From Dessalines to Duvalier
by David Nicholls 1996

Reviewed by Bob Corbett, 10 February 1996

1996 is shaping up to be a good year for those of us who want to read or teach Haitian history. For readers of English there hasn't been a thorough history in print for several years. Just the other day Michael Heinl sent us the information about the reissue of his parents' history: WRITTEN IN BLOOD. Today I'm here to announce the reissue of David Nicholls' wonderful history: FROM DESSALINES TO DUVALIER: RACE, COLOUR AND NATIONAL INDEPENDENCE IN HAITI. The basic data is:

Publication information: 400 pp. paper: $18.95 ISBN: 0-8135-2240-4;
hardcover, $50.00 ISBN: 0-8135-2239-0.
Publication date: Feb. 22, 1996.

The old and the new versions LOOK the same. Both have a blue cover with some red stripes and a bright color plate. But the plates are different. The original cover ...based on a painting by Aubrey Williams... The new volume carries a painting of Jean-Jacques Dessalines, Le Nouveau Familier by Edouard Duval Carrie.

Also the original volume did not carry the subtitle on the cover as the new edition does.

The main text of the two volumes is identical, however the new edition has a 28 page new preface. I was very happy to see that Nicholls chose to use a preface as an update, and not to tack it on as a new chapter. This for two reasons, one the preface is in a different style than the book, being shorter less sustained treatment of relatively discreet themes—topics that deal with the fall of the Duvaliers, the interim government, the place of religion in the new Haiti and so on. These brief updates are lucid, accurate and very useful.

The main reason I prefer the new material in the preface, however, is that the book is a very careful and sustained argument, a unified view of Haitian history up to the late 1970s. For an addition to fit it would have taken a much longer and careful section which would have integrated the new material with the theme of the book.

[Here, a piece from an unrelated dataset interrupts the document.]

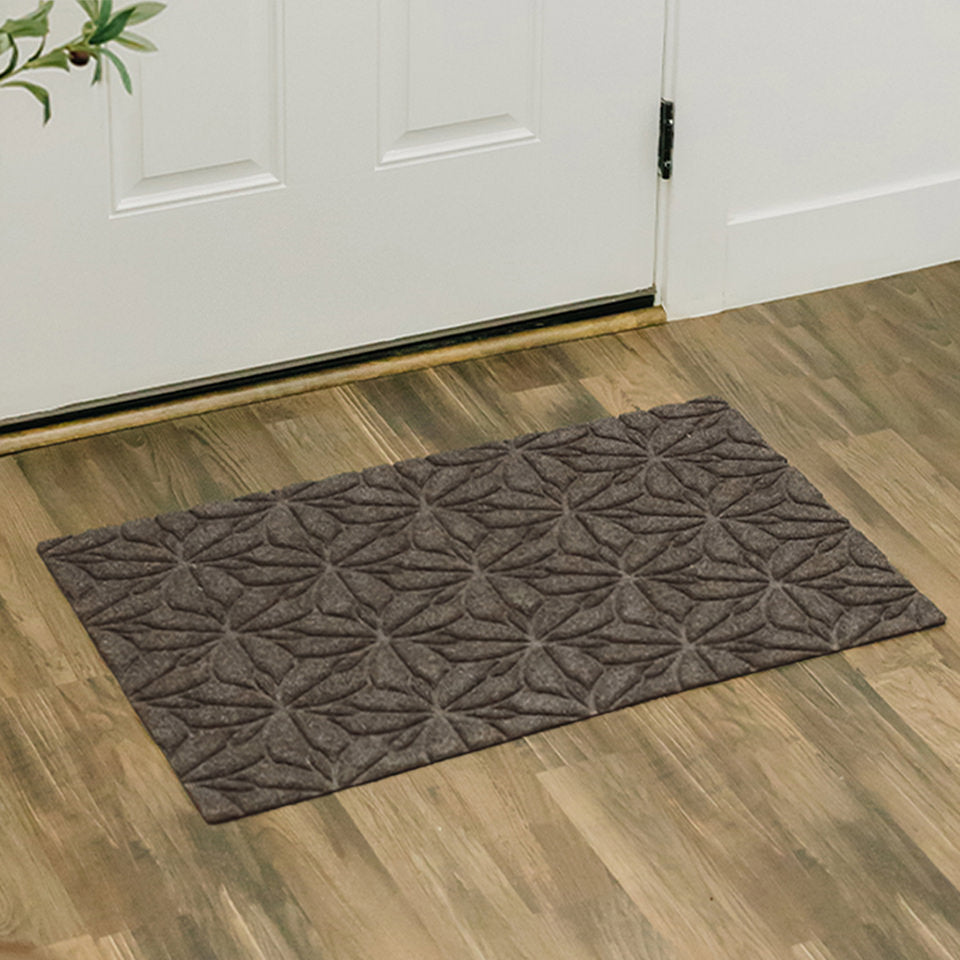 Beautiful all-weather WaterHog Luxe Magnolia Single Door Doormat placed just inside the front door.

The 1979 book is a major contribution to the study of Haiti. Rather than review it anew, I am simply going to present a review of the original volume which I wrote several years ago. I apologize to those of you who have already seen the older review, which I posted just a few months ago, but perhaps, now that the book is once again available in print, it will be of more interest now than it was then.

Secondly, the review is part of a two-book review, and since the review does some comparative analysis, I will leave the old review intact as it was.

The old review is from 1988.

From Dessalies to Duvalier, by David Nicholls
Macmillan Publishers Inc. 1988 (paper)


Haiti in the World Economy: Class, Race and Underdevelopment since 1700 by Alex Dupuy
Westview Press 1989 (hard back)

The events of Haitian history are fairly clear and non-controversial. Some of them are extraordinary, such as the overthrow of the French slave system and defeat of some 80,000 well-armed French troops by a slave army. Other events are less encouraging, such as the steady stream of authoritarian and repressive regimes since the liberty of 1804.

What is controversial in Haitian history are causes. Why and how did these events occur? Did Toussaint, Dessalines, Christophe and Rigaud with their slave army defeat the French, or did yellow fever? Is Haitian underdevelopment rooted in the Haitian treatment of Haitians, or in the imperialism of the United States, France and Britain?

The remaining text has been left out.